- **What the exercise asks**: Would you transcribe the records below exactly, omitting every picture?

Data excerpts
════

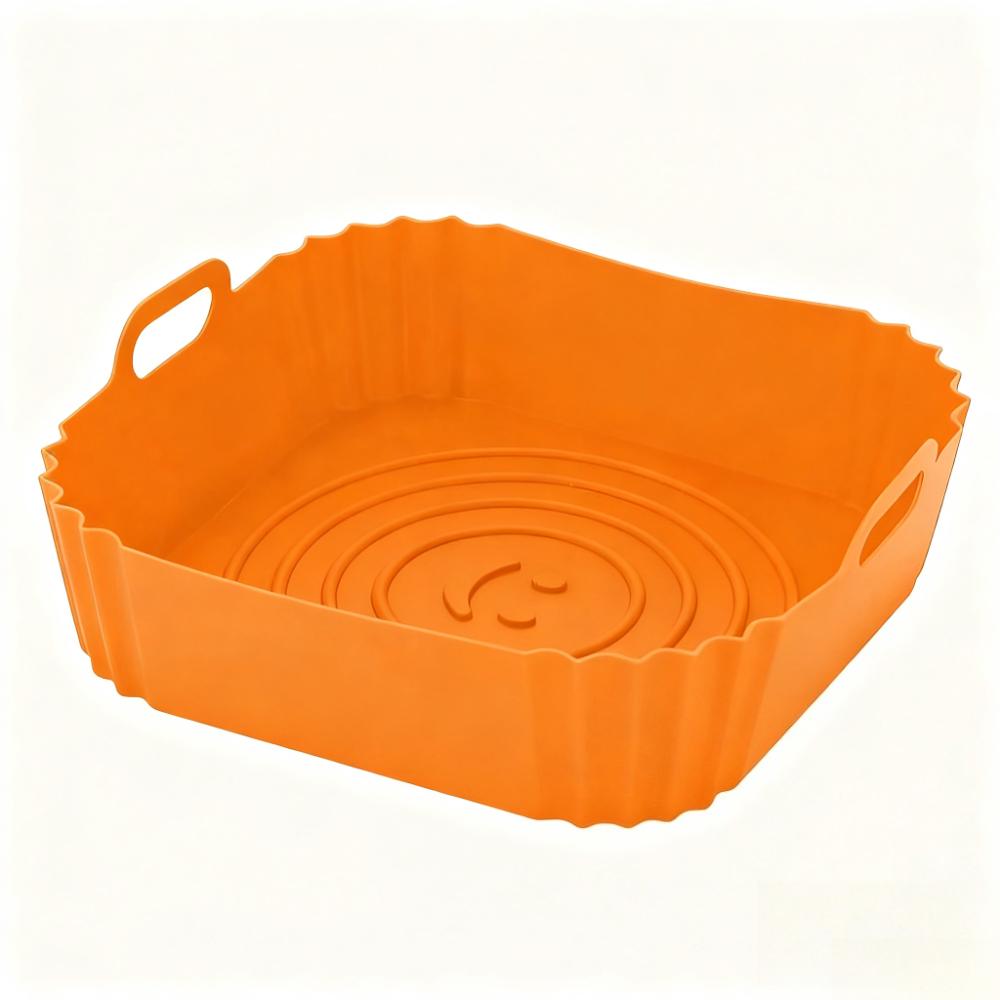 Square Silicone Air Fryer Liners Reusable for Baking Tray Pizza Fried Chicken Airfryer Basket Oven Microwave Kitchen Accessories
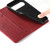 Google Pixel 11 / Pixel 11 Pro Dierfeng Metal Snap Magnetic RFID Vegan Leather Phone Case - Red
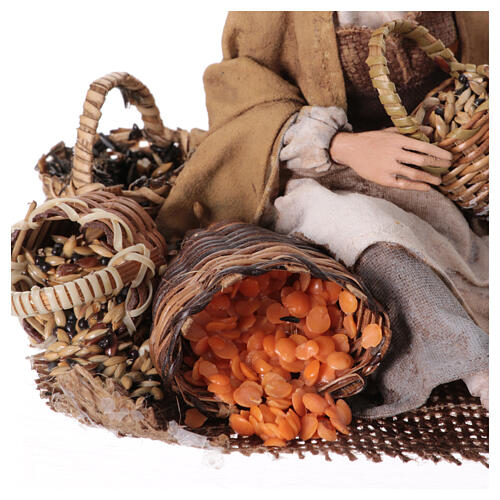 Nativity Scene figurine, woman selling seeds 18cm, Angela Tripi 4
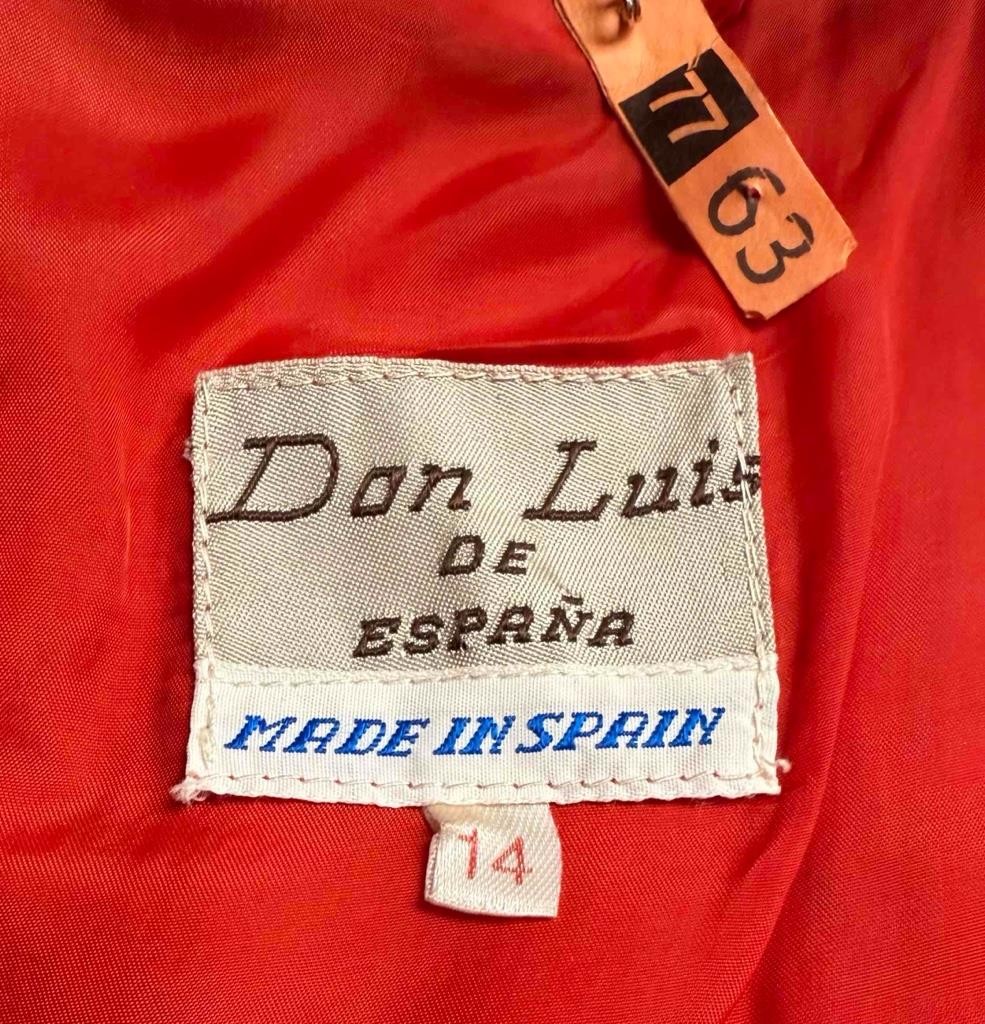 Rare Don Luis De Espana Vintage 70’s Striped Maxi Skirt Suit & Jacket Size 14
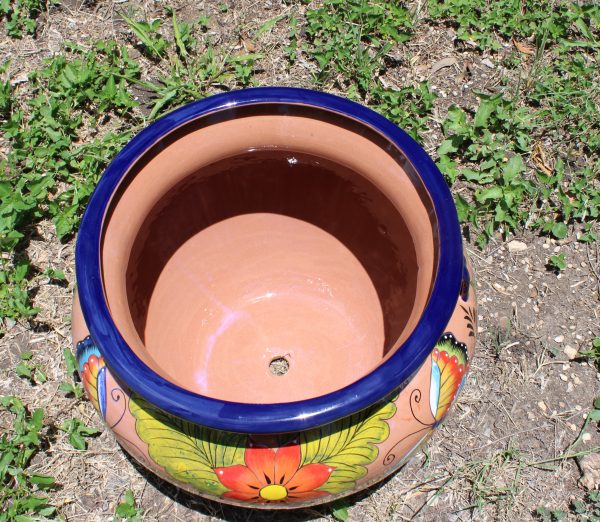 Butterfly Talavera Planter (Peach) - Image 3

════

- **Written solution**:
 Square Silicone Air Fryer Liners Reusable for Baking Tray Pizza Fried Chicken Airfryer Basket Oven Microwave Kitchen Accessories
 Google Pixel 11 / Pixel 11 Pro Dierfeng Metal Snap Magnetic RFID Vegan Leather Phone Case - Red
 Nativity Scene figurine, woman selling seeds 18cm, Angela Tripi 4
 Rare Don Luis De Espana Vintage 70’s Striped Maxi Skirt Suit & Jacket Size 14
 Butterfly Talavera Planter (Peach) - Image 3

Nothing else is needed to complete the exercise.